Directions for this task :: Once the pictures are set aside, copy the data below exactly as it stands.

(Given information Opens)

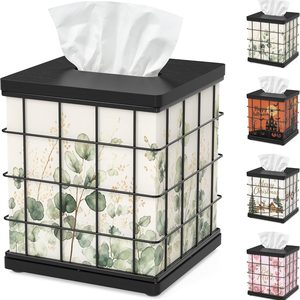 Aldernest Tissue Box Cover Square Oak Wood & Metal, 4 Seasonal Panels Magnetic Bottom, 1.7 pounds, Black
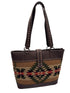 Tote bag with patterned brown leather 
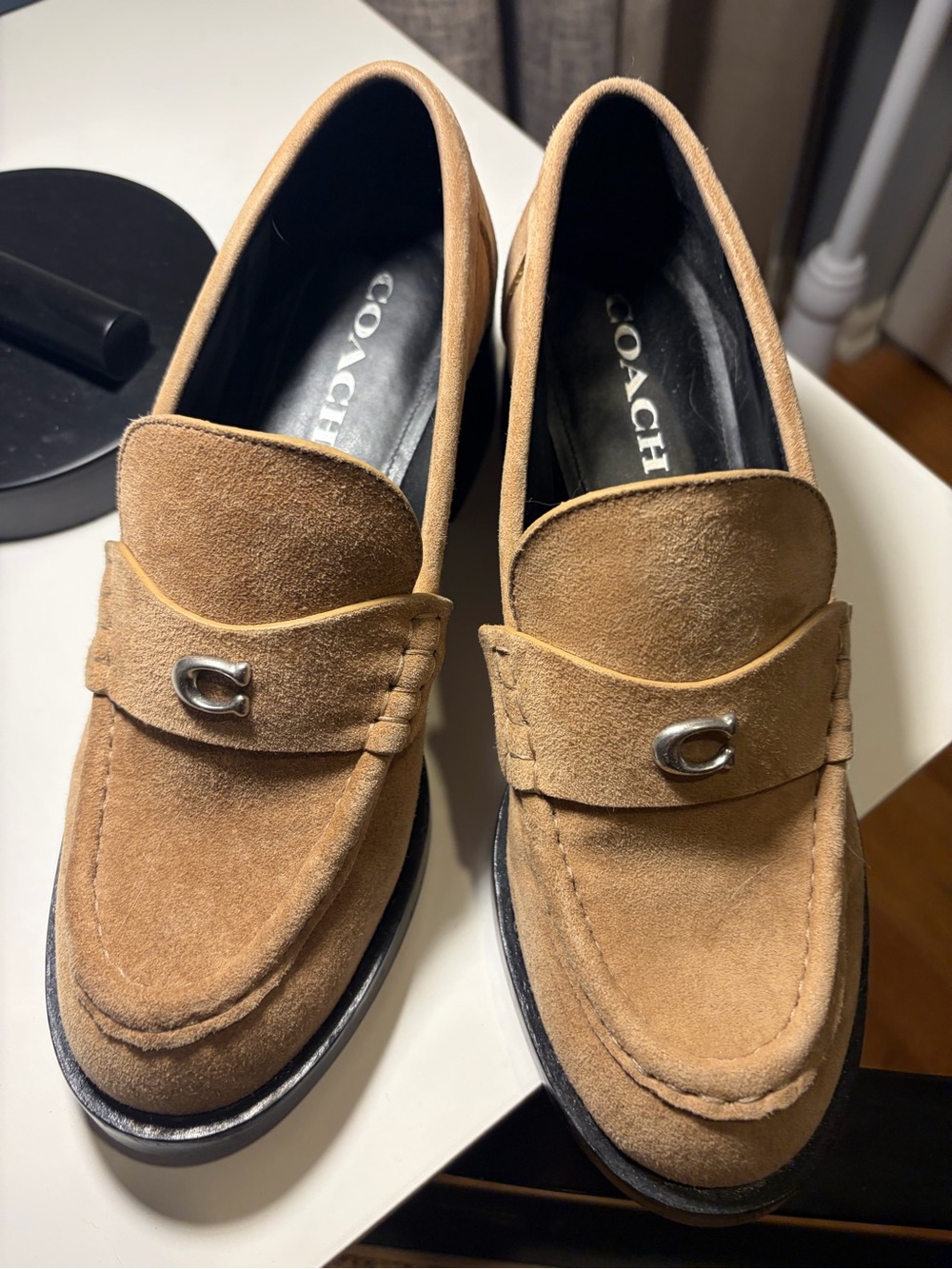 Coach Tan Suede Women's Penny Loafers with Silver Accent - Picture 2 of 8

(Given information Closes)

Answer space ::
 Aldernest Tissue Box Cover Square Oak Wood & Metal, 4 Seasonal Panels Magnetic Bottom, 1.7 pounds, Black
 Tote bag with patterned brown leather 
 Coach Tan Suede Women's Penny Loafers with Silver Accent - Picture 2 of 8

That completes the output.